Helpful Votes: 2 out of 5 total.
Review Date: 2007-04-06
I already knew image processing when I bought this book, so I am not sure how it would appear to the novice seeking a textbook on the subject of image processing and analysis, but I imagine it could be somewhat confusing. I always recommend Gonzales and Wood's "Digital Image Processing" for those seeking a clear read on image processing and analysis from the ground up. Where Seul's book comes in is with clear descriptions and working code for many basic - and some not so basic - image processing and image analysis algorithms. The book is also very good at explaining the applications of the various transforms. One of the little things that the author of this book does that authors of other books similar to it don't bother to do is to realize that when you are working in image processing you likely have an image as an input and you want an image as an output. Thus the author has built his code libraries so that they work that way. You are not left with arrays of pixels that you have to figure out how to store and manage. In the end you have a nice functional toolbox of working image processing and analysis subroutines that you can chain together and make just about any type of image transform tool you could think of. I'm mainly interested in image effects, and I know this book has been useful to me. The accompanying CD-ROM contains all of the C source code for the algorithms so that you can port them to another language or tinker with them if you so desire. Highly recommended.

Good handbook for practitioners
Helpful Votes: 2 out of 2 total.
Review Date: 2007-01-30
The title of this book corresponds to its content, the tutorial gives an excellent overview of basic key points to those readers who are unfamiliar with the subject (as I was). The book can not be used for rigorous study of even simple things but rather kicks you with essentials that are easy to understand with high-school background. This book, written for non-specialists in "image field", gives them techniques for their practical needs and concentrates exactly on image analysis, not on image processing. If you have no time to go through more complex (and deeper) books, take this one to discover basic principles in short form with no attempt to explain the fundamentals. The authors just put you into the facts, so that is why I would characterize the "Practical Algorithms" book as being "handbook". The good point is that the areas of applicability of these facts are explained, the drawback: you have to go to other books to get more details on image processing roots, e. g., to R. Gonzalez and R. Woods' "Digital Image Processing". I bought both, and use them as good annex to each other.

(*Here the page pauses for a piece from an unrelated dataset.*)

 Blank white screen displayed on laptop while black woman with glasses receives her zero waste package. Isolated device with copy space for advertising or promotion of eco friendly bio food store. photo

The "Practical Algorithms" has lack of some significant areas, like snake algorithm and image binarization (thresholding) techniques but e.g., the cellular processing is quite well highlighted.
Surprisingly, the CD that comes along with this book gave me almost 80% examples that I was able to recompile instantly, and only several examples have failed, mainly due to image file format issues. The source code is not both elegant and bugless, but it is very transparent and portable and can easily fit, e.g., a 16-bit microcontroller.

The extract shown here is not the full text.